Allez, élan vital, saut au distributeur. Je cherche un peu. Première auto repérée. Une sorte de Kangoo calfeutré. Une magnifique vieille pute à nibards colossaux me parle comme à un petit garçon. Je monte. Me déculotte. Elle s’allonge, s’ouvre, sourit et dit :
— Allez, viens te mettre chaud, mon chéri.

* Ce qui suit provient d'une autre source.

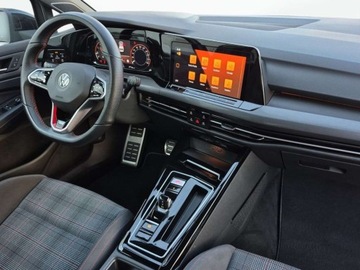 Volkswagen Golf VIII GTI 2.0 TSI 245KM 2023 Volkswagen Golf GTIFull LED 245km Fv23KameraMartwe Pole 2.0 Benzyna, zdjęcie 11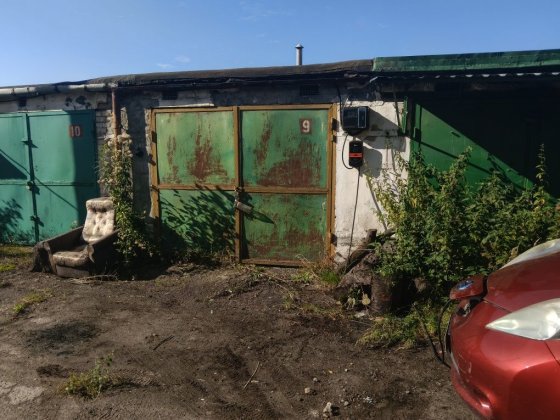Гараж на любінській Скнилов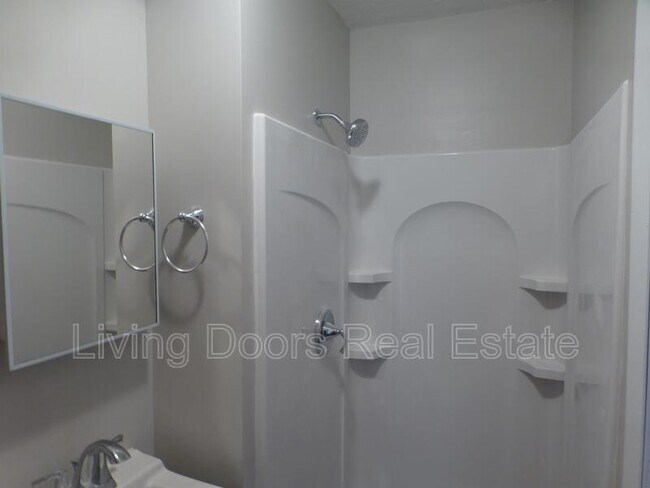 Building Photo - 3701 Lewis Ave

De là, je repars avec une infinie gratitude pour cette femme aux rondeurs si idoines à mon état du moment et un supplément d’âme. Le sentiment d’avoir esquissé un pas de plus hors de toutes les niaiseries polluantes. Quasi post-vérité, même si le terme n’est pas encore médiatisé.
En tout cas, post-réel. Je veux un monde de viande productrice de.
J’étais grave en pénurie de vulve humide et rieuse.